# America's Next Top Model - Before and After Photos



## Karren (Sep 18, 2008)

Wow... Some have really changed!!! And maybe a bit of photoshopping too? Lol

http://tv.yahoo.com/america-s-next-t...35130/photos/1


----------



## magneticheart (Sep 18, 2008)

Some of them look so different!

The make-overs on ANTM are always better than the ones on the British version.

Last year there was a girl with shoulder length hair and they cut it into a really short crop, dyed it bright red and left a random bit of hair from the front of her hair longer than the rest.

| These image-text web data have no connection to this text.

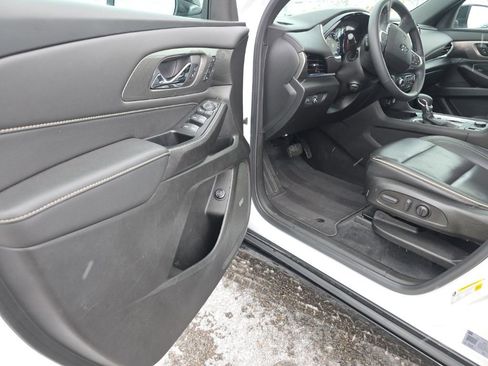 Used 2023 Chevrolet Traverse Premier w/ Redline Edition AWD/4WD image 11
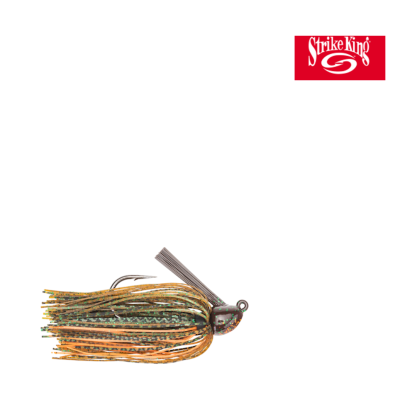 Isca de pesca Strike King com cabeça metálica e saia de fios coloridos.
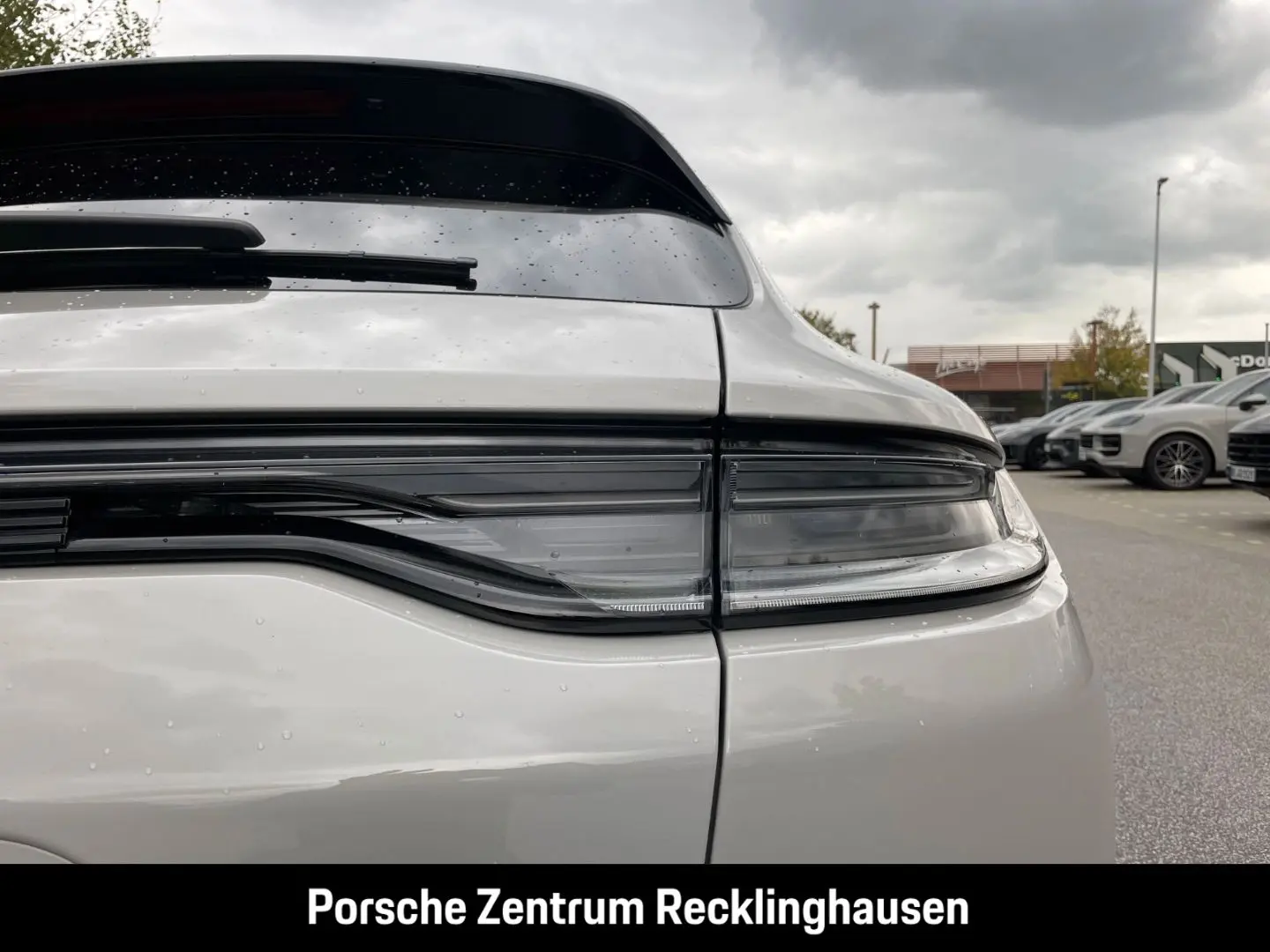 Panamera GTS Sport Turismo Nachtsicht Head-Up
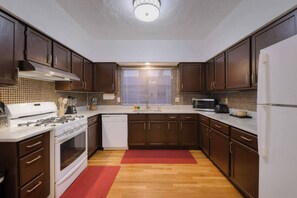 Kjøleskap, mikrobølgeovn, ovn og kokeplater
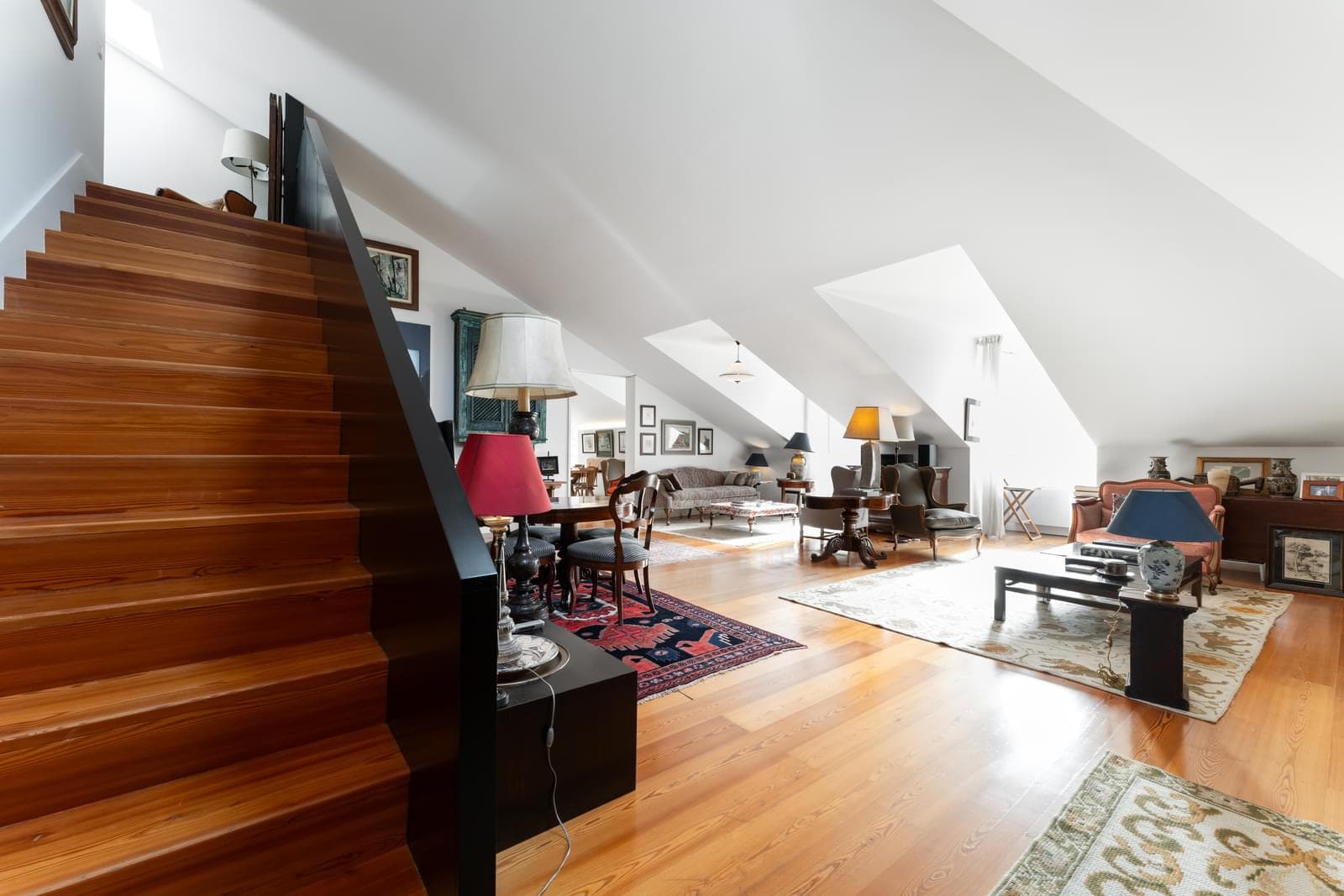 Duplex T3 com piscina, Santa Catarina, Lisboa - Imagem 8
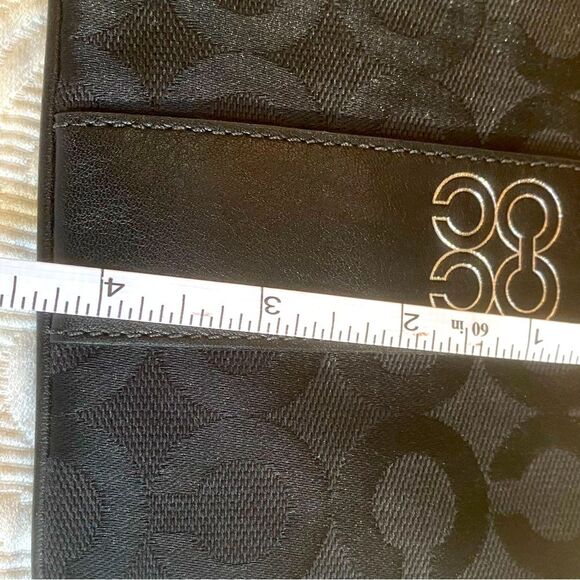 Coach Madison Wristlet Black Signature CC Canvas Silver Accent Leather Strap - Picture 5 of 6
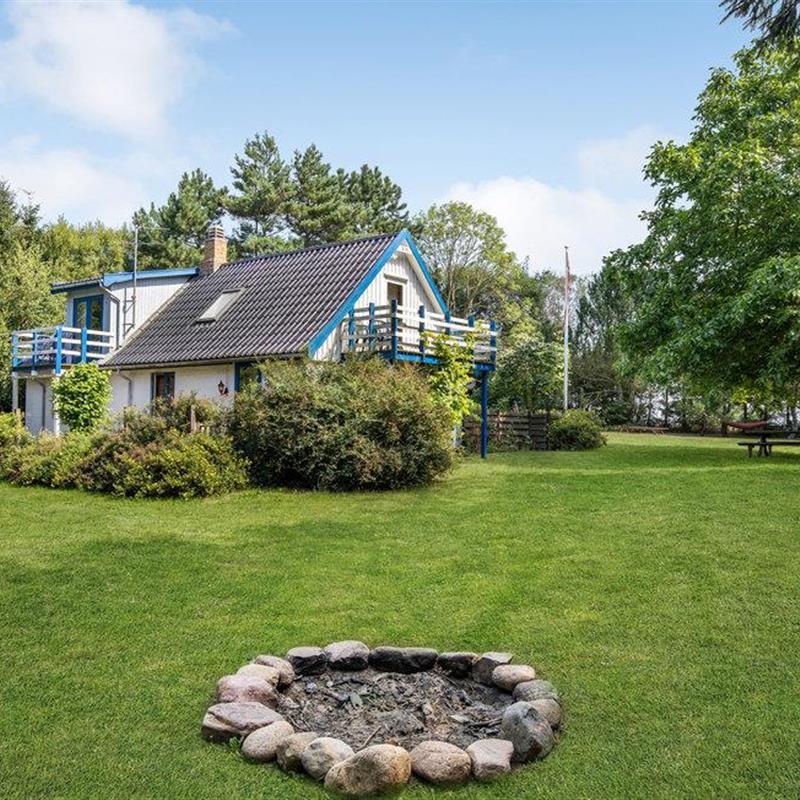 Sommerhus - 8 personer -  - Dyndegårdsvej - Klemensker - 3700 - Rønne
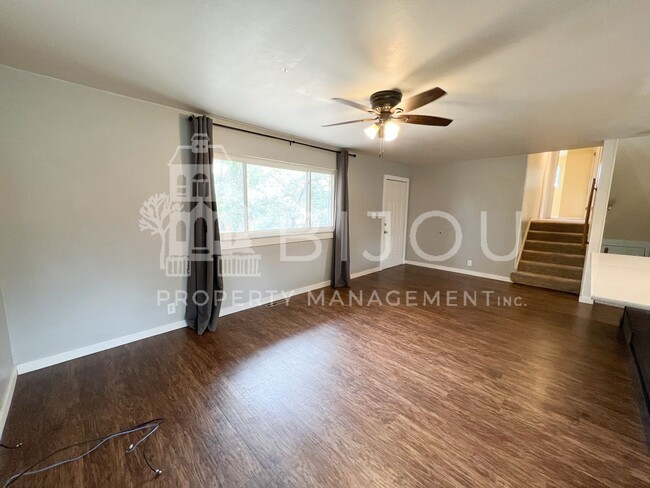 Building Photo - Tri-level Home with Newly Renovated Kitchen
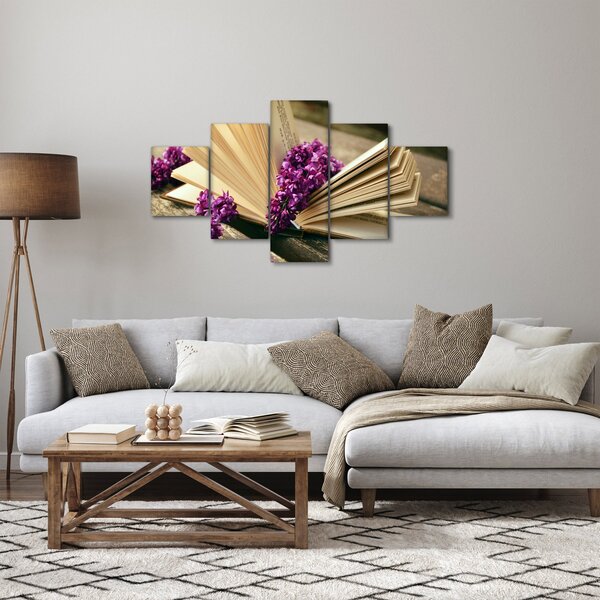 Obraz książki i fioletowych kwiatów (125x70 cm)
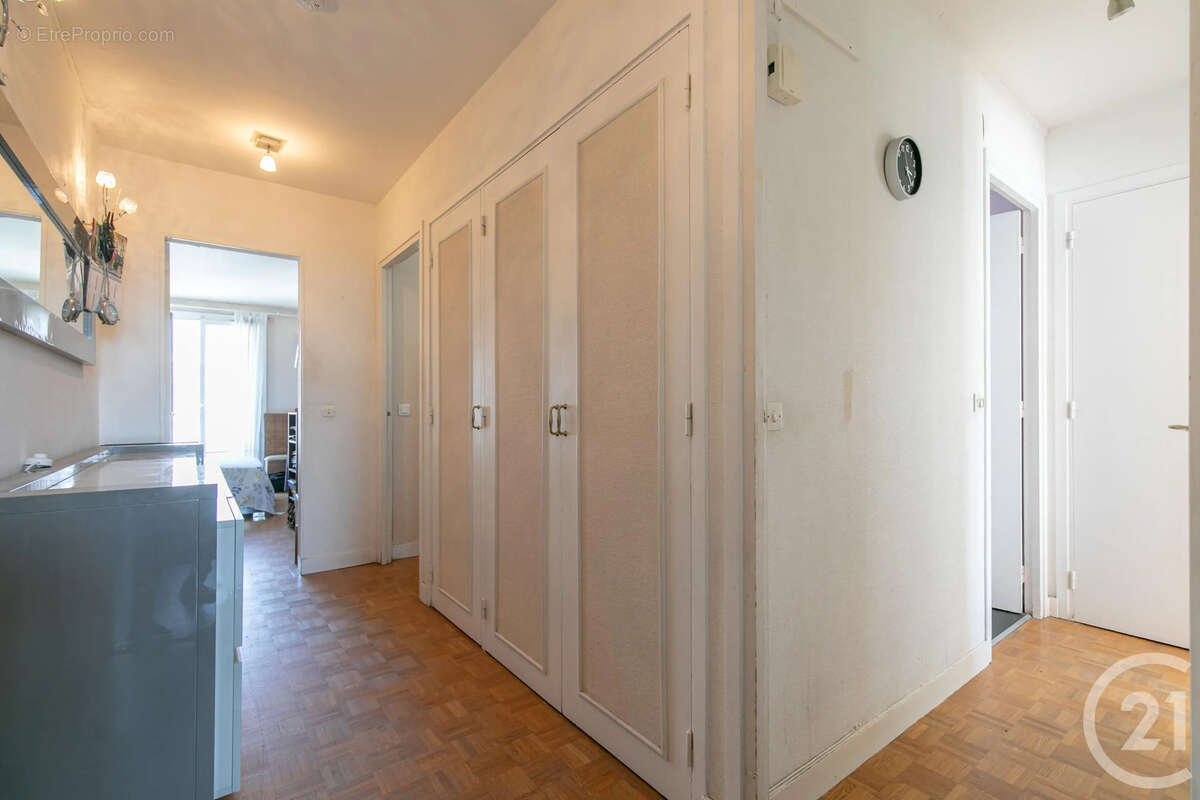 Appartement à SAINT-MAUR-DES-FOSSES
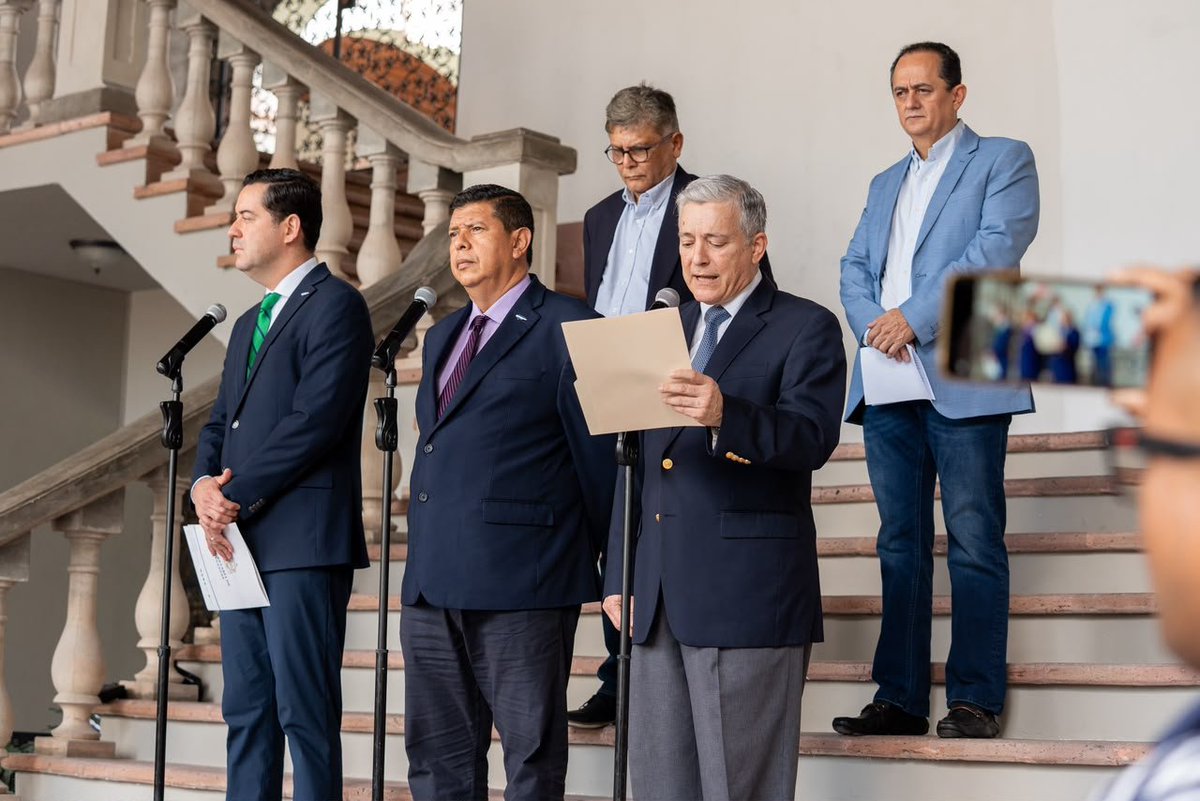televisur's tweet photo. ⛽ El Gobierno anunció que asumirá L12 por galón de diésel durante 30 días, a partir del 5 de octubre, para reducir el impacto en transporte y producción. Además, mantiene el apoyo del 70 % a la gasolina regular y un subsidio de L54 al cilindro de LPG de 25 libras. https://t.co/PbfVqdKxbj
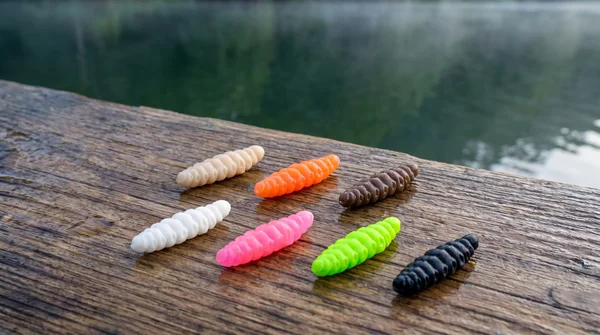 Attracta Larv Schwarz Knoblauch Aroma Floating Edition 3,5 cm 8 STK Larven Imitat Gummi_auswahl1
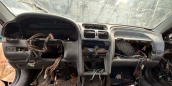 RENAULT LAGUNA 1 2.0 BENZİNLİ 1996-2000 GÖĞÜSLÜK KOMPLE TORPİDO q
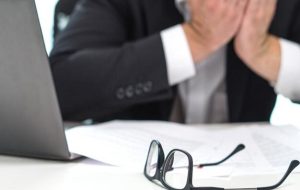 آیا تاجر ورشکسته می‌تواند نسبت به اموال خودش معامله انجام دهد؟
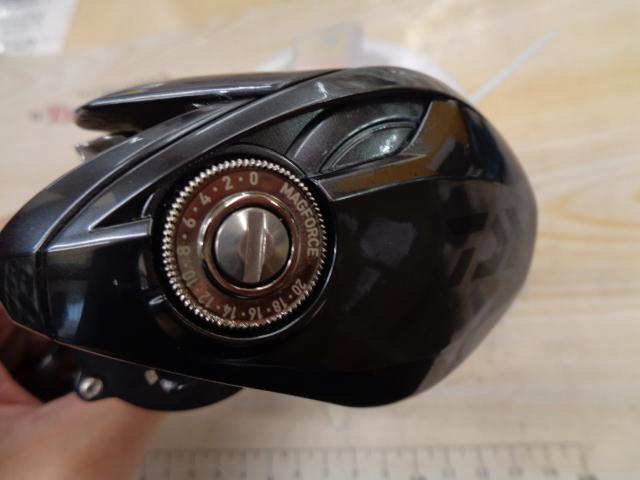 タトゥーラ400 ダイワ タトゥーラ TW 400 (リール) 価格比較 - 価格.com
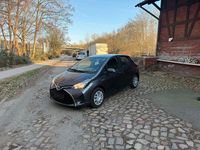 Gebraucht Toyota Yaris 73 PS (53 kW) 2016 Grau Limousine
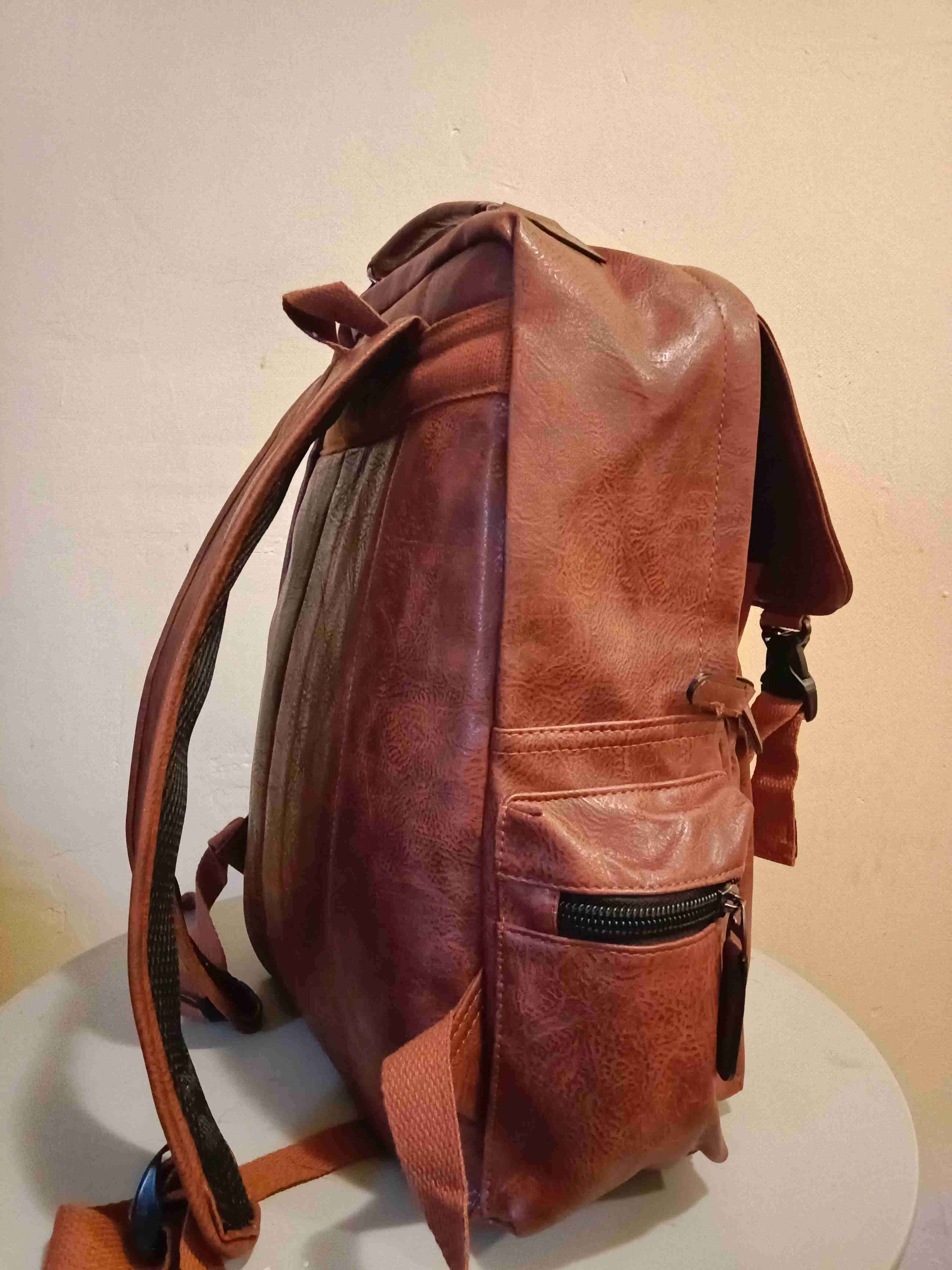 Mochila negra y café estilo clásico - miniatura 3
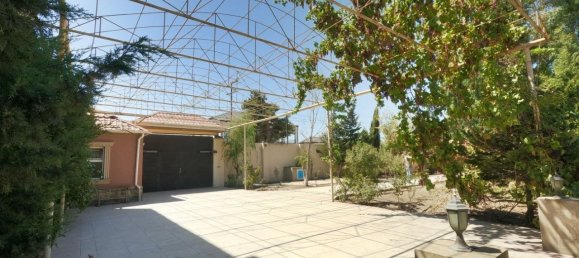 Дом с 4 спальнями в Сабунчинский район, Азербайджан № 1154 30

I guess it was supposed to be 'edgy' lol No wonder the poor girl cried!


----------



## Adrienne (Sep 18, 2008)

I always love seeing their drastic changes.


----------



## Jessica (Sep 18, 2008)

My fave part of the show...makeovers!!!!


----------



## reesesilverstar (Sep 18, 2008)

They really do look different... Maybe I should sign up and see what happens....

Yea right...


----------



## daer0n (Sep 18, 2008)

Yeah they do look a lot different but photoshopping always makes people look quite different, and these pictures are uber photoshopped.


----------



## bCreative (Sep 18, 2008)

I love Elina's facial features, plus I think the hair works for her.


----------



## Karren (Sep 19, 2008)

Originally Posted by *daer0n* /img/forum/go_quote.gif Yeah they do look a lot different but photoshopping always makes people look quite different, and these pictures are uber photoshopped. LOL I'm in serious need of being photoshopped myself!! lol


----------